Hollywood, CIA, & Pentagon

Hollywood merupakan studio raksasa, pusat industri perfilman dunia. Sedangkan Central Intelligence Agency (CIA), merupakan dinas intelijen negara AS yang bermarkas besar secara resmi (karena ada sejumlah markas clandestine) di Langley. Lantas, adakah hubungan di antara keduanya? Menjawab pertanyaan ini bukan perkara mudah. Namun di tahun 2003, Program Discovery Channel pernah merilis satu film dokumenter menarik berjudul “CIA: Hollywood Spyfi” yang mengisahkan hubungan gelap antara Hollywood dan CIA. Dalam film dokumenter tersebut diceritakan bagaimana aneka gadget agen CIA banyak terinspirasi dari film Hollywood.
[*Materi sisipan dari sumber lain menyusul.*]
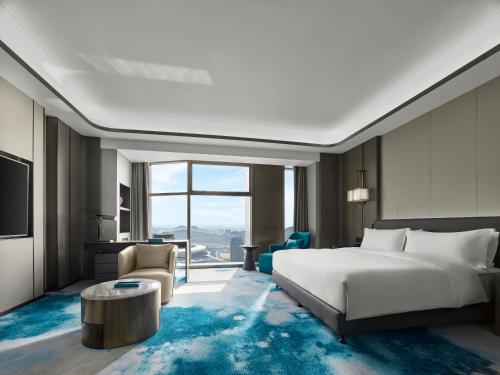 Imagen de la habitación del Hotel Wyndham Grand Zaozhuang. Foto 20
Serial James Bond, misalnya.
Hubungan Gelap CIA-Hollywood
Ada artikel menarik yang diturunkan Prespektif (www.irib.ir, Juli 2007) berjudul “Kolaborasi Hollywood dan CIA”. Artikel tersebut diawali dengan sebuah pertemuan yang tidak disebut tanggal kejadiannya, antara para pejabat CIA dengan sejumlah perusahaan film Hollywood, yang dalam pertemuan tersebut dikatakan menunjuk anggota CIA bernama Paul Barry, berperan sebagai mediator antara CIA dengan Hollywood.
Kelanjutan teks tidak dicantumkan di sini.